Why are volumes for EUR:CRYPTO trading pairs so low? - asymmetry
Of the top ten EUR exchanges by volume (Bitfinex; Coinbase Pro; Bitinka; CoinsBank; Kraken; BitStamp; Exmo; Cryptonex; Bits Blockchain; xBTCe), only Kraken&#x27;s EUR:CRYPTO volume is more than its USD:CRYPTO volume USD22.7m:USD21.3m. For all the rest the relative EUR:CRYPTO vs USD:CRYPTO volumes are lower than 50% (2%; 11%; 43%; 41%; 52%; 13%; 17%; 38%; 23%; 17%, respectively). The deposit processes for Coinbase Pro, CoinsBank, and Kraken are all quite reasonable. The fees for deposits and withdrawals are in line with SEPA (0.15EUR-1%). Since we know people with EURs are trading crypto, then why are the volumes so low?
======
krageon
Anecdotally, these are too new / unfamiliar or were inaccessible for a while.
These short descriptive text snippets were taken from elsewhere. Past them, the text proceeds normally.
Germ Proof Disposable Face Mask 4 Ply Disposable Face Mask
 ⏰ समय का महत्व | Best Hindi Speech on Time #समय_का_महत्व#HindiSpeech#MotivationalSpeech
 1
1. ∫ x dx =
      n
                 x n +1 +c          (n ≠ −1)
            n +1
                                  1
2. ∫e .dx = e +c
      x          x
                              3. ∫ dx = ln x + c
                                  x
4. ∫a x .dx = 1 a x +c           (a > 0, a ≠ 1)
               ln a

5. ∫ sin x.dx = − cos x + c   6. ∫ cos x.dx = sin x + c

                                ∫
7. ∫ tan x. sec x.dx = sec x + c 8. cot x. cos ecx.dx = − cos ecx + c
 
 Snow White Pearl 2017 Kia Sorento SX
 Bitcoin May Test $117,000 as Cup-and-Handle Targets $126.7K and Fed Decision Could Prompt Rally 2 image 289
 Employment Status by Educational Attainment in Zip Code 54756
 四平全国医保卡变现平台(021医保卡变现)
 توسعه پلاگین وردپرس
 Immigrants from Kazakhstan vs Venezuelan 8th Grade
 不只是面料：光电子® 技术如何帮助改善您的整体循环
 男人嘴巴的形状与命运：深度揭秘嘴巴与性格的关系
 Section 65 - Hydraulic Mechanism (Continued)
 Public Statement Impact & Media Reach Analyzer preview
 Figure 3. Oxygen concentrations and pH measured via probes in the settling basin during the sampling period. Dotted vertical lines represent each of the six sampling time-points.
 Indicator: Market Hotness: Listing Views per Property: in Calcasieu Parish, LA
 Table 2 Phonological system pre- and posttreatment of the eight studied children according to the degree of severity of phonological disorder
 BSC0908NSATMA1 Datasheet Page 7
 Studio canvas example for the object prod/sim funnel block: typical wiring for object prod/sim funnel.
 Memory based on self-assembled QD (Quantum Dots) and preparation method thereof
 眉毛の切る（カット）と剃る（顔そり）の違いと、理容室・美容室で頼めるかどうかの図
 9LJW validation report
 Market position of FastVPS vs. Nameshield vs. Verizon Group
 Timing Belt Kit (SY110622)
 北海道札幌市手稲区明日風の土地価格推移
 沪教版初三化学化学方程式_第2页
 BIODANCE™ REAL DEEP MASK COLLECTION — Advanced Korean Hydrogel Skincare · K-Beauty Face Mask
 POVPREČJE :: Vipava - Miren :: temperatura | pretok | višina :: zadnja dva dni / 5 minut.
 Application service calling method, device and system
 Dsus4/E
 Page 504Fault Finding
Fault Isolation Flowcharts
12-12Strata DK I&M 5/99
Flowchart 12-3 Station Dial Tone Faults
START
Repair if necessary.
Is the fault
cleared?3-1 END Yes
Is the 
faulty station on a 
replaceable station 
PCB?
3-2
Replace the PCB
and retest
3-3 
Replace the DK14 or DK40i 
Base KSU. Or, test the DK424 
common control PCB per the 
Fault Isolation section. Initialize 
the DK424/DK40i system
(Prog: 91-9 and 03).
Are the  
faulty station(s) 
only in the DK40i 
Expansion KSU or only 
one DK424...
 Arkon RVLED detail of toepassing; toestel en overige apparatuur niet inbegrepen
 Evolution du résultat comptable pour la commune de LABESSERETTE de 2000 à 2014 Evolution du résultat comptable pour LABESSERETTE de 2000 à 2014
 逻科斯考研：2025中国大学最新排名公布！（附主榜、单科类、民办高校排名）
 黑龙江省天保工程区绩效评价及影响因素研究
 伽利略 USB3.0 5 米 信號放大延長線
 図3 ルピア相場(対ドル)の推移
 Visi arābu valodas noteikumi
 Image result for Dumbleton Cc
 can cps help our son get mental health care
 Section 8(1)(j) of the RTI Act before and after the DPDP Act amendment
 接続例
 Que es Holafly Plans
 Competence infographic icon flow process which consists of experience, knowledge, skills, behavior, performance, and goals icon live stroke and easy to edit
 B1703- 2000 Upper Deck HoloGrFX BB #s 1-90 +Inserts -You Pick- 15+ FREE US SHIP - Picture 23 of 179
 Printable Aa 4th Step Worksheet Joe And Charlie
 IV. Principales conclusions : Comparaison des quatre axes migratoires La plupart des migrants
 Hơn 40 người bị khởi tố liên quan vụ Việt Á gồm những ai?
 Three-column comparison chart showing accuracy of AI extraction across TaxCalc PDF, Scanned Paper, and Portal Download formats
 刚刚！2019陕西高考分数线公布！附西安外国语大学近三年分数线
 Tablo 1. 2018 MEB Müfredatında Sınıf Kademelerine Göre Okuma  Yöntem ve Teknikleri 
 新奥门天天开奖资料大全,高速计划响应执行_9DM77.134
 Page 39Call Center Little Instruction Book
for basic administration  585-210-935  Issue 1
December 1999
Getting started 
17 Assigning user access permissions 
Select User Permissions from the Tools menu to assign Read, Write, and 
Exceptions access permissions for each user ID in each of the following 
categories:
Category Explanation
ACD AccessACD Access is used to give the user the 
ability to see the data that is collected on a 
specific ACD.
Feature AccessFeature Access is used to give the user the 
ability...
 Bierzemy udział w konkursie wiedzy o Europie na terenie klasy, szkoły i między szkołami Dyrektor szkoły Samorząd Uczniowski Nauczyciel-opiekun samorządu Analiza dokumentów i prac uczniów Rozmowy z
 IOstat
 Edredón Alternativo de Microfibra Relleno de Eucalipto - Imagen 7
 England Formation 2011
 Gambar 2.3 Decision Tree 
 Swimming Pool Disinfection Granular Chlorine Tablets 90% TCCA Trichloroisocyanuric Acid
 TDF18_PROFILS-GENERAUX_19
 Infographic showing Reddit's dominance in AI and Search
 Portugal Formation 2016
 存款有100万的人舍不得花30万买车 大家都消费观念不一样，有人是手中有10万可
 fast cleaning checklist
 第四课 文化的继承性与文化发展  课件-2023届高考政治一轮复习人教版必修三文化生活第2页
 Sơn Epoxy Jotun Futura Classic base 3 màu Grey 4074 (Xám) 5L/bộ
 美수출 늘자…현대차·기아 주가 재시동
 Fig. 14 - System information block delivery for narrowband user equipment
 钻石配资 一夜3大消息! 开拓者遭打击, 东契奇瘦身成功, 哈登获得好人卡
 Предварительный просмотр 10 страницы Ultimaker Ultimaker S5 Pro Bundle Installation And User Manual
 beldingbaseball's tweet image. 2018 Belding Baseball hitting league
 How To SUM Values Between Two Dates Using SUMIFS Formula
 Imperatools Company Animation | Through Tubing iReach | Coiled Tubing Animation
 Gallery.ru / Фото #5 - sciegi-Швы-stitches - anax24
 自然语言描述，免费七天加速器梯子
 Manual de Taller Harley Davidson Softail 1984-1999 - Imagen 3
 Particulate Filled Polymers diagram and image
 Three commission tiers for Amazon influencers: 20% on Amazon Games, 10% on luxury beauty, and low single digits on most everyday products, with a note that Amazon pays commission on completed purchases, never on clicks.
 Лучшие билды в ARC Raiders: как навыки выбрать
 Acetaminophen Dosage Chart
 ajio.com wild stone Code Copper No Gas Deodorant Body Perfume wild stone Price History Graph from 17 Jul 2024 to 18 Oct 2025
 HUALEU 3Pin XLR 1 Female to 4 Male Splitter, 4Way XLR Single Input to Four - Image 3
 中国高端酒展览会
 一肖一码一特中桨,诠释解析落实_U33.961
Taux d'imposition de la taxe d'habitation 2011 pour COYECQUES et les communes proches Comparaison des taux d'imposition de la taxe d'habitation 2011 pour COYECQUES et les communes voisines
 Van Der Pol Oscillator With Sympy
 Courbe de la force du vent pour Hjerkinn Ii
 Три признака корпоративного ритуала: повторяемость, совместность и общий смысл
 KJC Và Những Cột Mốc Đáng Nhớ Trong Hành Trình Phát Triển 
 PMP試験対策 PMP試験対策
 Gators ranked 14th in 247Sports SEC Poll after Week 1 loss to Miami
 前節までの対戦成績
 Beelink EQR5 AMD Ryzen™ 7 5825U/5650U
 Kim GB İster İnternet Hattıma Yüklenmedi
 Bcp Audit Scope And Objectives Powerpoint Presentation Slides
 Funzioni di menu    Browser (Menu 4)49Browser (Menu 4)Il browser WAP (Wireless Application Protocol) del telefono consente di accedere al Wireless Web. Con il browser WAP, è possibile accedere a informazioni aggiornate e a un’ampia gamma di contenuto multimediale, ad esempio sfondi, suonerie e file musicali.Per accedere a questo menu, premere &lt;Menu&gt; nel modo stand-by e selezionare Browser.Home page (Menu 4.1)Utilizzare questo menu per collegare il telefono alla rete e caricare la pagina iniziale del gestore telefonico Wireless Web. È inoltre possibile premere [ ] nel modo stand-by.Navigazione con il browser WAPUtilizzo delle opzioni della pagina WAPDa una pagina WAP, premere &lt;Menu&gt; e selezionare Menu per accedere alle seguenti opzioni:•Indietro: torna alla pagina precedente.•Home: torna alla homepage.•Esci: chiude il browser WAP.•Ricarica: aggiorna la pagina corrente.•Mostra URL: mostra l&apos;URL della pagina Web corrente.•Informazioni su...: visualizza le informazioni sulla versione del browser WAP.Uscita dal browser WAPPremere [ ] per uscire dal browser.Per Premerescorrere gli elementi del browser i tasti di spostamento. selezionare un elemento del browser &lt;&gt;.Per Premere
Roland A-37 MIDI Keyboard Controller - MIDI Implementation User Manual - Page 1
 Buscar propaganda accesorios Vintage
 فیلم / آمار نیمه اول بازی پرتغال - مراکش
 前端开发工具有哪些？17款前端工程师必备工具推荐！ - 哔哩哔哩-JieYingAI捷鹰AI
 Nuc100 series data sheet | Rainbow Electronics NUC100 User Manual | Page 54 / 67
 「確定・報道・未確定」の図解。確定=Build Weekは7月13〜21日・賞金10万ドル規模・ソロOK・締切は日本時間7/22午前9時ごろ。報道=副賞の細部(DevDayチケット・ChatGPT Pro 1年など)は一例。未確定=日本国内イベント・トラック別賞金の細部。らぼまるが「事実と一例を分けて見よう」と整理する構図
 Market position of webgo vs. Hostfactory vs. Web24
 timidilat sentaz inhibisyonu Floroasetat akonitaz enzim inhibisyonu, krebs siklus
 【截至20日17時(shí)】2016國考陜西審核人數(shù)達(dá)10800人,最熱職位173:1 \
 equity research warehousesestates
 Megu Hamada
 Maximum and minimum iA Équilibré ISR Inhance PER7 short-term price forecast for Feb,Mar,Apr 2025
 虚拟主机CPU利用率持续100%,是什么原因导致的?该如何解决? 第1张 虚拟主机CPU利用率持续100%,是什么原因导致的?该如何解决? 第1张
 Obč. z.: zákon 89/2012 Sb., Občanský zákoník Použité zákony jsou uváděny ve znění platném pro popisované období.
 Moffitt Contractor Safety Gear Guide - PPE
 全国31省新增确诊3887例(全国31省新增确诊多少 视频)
For the ones where this is not the case like coinbase, it's a company with a
well-known track record of being terrible to work with (hard to get money,
freezing accounts with no recourse, etc). It's much easier/safer to use
European alternatives that are based more locally, because those companies
will be crucified by the authorities for committing that kind of fraud. That's
a thought that lets you rest easy.

------
CamelCaseName
Winner take all effects to minimize slippage.